[Dataset entries]
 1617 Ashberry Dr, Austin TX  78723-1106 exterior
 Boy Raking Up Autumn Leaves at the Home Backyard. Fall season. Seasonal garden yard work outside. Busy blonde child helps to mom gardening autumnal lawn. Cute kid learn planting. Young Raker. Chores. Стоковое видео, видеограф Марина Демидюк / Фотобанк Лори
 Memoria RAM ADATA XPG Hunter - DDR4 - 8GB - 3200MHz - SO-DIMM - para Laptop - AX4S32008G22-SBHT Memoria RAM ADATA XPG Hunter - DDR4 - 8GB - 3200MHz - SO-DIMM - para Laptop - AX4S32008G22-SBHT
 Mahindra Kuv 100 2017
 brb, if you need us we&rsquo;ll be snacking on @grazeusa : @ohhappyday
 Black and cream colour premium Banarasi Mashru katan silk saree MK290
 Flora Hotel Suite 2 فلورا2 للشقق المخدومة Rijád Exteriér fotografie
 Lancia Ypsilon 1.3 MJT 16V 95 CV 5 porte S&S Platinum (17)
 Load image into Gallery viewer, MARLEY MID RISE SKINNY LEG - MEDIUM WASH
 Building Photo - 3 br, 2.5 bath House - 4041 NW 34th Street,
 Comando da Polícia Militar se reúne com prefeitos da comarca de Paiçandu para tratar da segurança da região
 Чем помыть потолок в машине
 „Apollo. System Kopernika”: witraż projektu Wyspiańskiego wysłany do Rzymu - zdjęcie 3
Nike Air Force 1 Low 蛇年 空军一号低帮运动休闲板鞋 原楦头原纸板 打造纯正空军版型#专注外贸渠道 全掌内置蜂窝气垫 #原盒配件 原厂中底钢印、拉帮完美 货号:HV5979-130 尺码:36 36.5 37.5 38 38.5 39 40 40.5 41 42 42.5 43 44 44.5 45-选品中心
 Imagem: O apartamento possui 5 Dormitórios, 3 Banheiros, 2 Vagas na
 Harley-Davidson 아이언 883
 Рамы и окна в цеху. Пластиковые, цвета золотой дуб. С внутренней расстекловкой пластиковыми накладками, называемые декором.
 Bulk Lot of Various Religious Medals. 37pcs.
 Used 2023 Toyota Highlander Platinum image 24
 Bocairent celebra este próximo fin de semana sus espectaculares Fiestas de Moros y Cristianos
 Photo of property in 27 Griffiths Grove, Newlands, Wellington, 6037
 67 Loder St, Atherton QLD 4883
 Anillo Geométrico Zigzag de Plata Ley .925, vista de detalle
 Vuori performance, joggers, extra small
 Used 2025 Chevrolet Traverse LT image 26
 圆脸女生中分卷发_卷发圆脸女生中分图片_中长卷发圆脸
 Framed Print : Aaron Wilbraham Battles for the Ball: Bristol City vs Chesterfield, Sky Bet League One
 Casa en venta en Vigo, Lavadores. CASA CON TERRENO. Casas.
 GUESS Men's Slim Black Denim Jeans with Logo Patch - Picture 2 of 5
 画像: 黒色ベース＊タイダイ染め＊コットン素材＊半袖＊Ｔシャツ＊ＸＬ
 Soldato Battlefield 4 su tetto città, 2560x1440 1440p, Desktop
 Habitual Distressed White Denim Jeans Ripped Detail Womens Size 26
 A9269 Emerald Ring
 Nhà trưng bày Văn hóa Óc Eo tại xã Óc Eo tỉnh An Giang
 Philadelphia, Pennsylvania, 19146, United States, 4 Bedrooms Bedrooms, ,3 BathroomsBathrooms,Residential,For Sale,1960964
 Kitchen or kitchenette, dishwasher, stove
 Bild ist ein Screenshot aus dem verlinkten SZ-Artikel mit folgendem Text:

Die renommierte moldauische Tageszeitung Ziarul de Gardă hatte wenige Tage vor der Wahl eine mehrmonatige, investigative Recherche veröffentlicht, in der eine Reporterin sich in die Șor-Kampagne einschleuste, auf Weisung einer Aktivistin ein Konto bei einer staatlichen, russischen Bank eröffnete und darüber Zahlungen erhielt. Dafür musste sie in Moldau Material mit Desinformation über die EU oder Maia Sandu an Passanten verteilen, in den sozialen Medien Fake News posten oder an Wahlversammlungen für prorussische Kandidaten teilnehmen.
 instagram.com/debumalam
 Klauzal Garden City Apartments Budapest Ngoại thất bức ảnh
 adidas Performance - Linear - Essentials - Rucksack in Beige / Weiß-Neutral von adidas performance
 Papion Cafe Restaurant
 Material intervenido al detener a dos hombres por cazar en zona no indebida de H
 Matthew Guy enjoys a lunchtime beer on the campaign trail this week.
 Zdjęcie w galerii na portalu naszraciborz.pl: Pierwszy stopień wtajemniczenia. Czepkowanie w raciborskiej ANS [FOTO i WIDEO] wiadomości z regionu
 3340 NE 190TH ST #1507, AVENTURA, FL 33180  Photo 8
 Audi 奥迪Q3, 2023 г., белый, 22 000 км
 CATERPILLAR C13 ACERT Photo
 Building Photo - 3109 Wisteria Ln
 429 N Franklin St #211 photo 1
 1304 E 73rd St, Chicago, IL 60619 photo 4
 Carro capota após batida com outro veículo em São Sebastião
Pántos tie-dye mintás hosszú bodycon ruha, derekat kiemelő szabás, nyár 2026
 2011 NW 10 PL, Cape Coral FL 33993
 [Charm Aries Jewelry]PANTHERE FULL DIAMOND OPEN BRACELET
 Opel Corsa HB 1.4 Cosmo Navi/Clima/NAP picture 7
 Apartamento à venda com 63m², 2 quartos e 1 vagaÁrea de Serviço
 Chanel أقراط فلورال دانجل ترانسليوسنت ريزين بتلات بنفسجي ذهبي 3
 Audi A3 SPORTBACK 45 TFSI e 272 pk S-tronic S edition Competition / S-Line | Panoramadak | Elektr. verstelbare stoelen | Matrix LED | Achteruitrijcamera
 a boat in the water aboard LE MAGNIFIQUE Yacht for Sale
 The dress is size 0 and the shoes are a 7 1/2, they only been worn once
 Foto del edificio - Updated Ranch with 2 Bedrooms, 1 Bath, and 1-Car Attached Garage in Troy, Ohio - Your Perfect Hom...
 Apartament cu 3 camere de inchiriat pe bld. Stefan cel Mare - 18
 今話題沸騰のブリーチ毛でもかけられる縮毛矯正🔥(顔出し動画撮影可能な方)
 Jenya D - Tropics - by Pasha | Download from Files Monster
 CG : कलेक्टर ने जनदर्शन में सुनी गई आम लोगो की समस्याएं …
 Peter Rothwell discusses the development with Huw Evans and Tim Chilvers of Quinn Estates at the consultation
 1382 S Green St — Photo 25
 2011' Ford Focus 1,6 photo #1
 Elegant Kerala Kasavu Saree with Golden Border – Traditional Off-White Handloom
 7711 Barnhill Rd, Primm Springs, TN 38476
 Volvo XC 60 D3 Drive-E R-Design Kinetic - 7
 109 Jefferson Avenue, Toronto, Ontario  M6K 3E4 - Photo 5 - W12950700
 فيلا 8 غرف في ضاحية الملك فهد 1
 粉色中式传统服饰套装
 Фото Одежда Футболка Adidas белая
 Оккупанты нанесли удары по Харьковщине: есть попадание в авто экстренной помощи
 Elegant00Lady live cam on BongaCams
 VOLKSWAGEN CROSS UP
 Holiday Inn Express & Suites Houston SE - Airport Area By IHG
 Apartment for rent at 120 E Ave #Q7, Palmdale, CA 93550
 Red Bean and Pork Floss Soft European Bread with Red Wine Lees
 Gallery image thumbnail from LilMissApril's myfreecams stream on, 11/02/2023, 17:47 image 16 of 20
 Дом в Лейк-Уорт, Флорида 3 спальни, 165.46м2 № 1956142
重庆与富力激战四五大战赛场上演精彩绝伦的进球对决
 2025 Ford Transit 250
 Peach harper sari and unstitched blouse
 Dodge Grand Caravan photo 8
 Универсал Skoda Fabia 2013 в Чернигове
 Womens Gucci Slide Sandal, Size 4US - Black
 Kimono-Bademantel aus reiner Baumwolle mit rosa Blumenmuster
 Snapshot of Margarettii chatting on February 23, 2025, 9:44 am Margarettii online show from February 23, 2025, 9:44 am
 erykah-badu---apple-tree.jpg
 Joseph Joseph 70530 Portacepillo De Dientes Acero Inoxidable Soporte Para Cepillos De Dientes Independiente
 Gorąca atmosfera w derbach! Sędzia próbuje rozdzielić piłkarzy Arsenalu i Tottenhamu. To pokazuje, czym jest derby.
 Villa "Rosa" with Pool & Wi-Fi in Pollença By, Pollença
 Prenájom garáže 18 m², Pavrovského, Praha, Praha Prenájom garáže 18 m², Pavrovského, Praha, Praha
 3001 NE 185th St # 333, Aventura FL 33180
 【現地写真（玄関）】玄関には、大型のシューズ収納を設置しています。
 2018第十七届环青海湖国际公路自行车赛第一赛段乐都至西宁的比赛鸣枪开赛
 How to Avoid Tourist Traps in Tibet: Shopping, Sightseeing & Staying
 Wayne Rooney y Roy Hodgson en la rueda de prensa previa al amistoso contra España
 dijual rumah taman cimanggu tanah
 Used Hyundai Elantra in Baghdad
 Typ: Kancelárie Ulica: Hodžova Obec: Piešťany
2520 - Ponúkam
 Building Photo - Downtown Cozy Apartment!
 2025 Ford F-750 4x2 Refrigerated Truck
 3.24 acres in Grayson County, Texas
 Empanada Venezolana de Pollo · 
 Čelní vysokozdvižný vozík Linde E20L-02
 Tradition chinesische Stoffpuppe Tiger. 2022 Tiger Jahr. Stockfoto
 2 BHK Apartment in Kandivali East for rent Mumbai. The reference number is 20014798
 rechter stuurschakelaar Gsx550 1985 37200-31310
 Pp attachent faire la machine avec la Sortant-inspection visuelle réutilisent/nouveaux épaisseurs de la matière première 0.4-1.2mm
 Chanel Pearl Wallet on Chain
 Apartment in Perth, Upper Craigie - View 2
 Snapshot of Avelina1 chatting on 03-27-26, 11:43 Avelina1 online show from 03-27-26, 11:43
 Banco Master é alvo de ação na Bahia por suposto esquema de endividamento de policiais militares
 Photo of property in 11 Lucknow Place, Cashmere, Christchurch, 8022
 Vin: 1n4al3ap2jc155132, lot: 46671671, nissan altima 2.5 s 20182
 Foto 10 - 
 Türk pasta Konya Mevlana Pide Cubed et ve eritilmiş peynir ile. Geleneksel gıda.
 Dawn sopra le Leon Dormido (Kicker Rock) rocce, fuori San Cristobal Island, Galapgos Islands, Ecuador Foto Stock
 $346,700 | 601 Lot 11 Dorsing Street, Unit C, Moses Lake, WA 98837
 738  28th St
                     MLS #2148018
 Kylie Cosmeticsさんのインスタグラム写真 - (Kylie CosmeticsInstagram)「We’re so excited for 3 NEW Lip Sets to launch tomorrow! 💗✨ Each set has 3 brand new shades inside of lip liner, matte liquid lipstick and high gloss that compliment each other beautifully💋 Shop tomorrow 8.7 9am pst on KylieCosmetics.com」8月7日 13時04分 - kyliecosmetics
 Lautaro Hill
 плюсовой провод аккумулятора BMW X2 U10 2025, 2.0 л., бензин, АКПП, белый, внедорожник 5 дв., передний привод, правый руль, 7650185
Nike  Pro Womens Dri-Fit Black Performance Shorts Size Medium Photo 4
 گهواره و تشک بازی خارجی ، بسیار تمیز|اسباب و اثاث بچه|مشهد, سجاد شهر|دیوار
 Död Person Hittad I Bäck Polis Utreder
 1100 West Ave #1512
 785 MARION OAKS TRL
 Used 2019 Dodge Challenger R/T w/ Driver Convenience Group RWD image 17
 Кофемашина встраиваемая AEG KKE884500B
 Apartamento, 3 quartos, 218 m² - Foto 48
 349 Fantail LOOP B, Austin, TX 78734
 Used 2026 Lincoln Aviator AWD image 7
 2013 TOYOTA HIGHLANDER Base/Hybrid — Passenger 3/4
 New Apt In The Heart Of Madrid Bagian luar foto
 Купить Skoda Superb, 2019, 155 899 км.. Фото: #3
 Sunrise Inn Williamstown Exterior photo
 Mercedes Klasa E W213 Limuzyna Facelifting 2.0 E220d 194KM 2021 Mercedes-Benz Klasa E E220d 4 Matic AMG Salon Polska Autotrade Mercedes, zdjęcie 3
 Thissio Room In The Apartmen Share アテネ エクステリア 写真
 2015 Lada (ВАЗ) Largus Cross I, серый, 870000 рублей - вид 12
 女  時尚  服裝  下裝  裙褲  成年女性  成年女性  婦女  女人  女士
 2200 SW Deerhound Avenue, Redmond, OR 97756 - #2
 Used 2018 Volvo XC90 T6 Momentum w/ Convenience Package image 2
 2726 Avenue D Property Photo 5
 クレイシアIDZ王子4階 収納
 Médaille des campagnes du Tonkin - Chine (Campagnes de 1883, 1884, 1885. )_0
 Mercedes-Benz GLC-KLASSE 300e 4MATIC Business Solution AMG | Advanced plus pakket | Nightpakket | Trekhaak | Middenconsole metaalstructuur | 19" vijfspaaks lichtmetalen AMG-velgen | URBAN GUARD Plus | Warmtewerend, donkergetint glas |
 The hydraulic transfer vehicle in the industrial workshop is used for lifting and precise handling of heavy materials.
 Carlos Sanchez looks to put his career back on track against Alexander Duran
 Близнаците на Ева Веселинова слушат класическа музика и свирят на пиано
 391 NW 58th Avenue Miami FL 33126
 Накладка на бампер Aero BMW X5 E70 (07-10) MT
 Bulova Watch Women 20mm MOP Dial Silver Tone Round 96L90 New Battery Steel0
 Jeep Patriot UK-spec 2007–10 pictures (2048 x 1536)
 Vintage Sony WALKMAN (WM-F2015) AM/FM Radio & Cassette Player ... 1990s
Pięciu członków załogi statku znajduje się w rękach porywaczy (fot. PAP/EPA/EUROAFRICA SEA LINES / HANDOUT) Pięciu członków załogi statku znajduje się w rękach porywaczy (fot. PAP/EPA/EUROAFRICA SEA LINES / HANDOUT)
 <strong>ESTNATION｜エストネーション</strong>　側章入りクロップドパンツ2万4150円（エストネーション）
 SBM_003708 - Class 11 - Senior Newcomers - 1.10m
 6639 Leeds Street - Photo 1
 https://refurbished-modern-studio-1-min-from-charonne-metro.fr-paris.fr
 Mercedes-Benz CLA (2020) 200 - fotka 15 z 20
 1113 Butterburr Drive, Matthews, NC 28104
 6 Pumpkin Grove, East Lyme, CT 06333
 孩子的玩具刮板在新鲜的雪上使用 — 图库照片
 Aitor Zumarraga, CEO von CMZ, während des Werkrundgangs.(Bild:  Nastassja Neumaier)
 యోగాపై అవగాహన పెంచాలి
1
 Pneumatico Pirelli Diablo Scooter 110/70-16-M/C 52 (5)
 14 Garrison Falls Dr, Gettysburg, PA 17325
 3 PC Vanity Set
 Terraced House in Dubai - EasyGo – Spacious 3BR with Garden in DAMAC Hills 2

Assigned task - Repeat the data word for word, starting at its first line and stopping after the line that contains "Black and cream".

Exercise output -
 1617 Ashberry Dr, Austin TX  78723-1106 exterior
 Boy Raking Up Autumn Leaves at the Home Backyard. Fall season. Seasonal garden yard work outside. Busy blonde child helps to mom gardening autumnal lawn. Cute kid learn planting. Young Raker. Chores. Стоковое видео, видеограф Марина Демидюк / Фотобанк Лори
 Memoria RAM ADATA XPG Hunter - DDR4 - 8GB - 3200MHz - SO-DIMM - para Laptop - AX4S32008G22-SBHT Memoria RAM ADATA XPG Hunter - DDR4 - 8GB - 3200MHz - SO-DIMM - para Laptop - AX4S32008G22-SBHT
 Mahindra Kuv 100 2017
 brb, if you need us we&rsquo;ll be snacking on @grazeusa : @ohhappyday
 Black and cream colour premium Banarasi Mashru katan silk saree MK290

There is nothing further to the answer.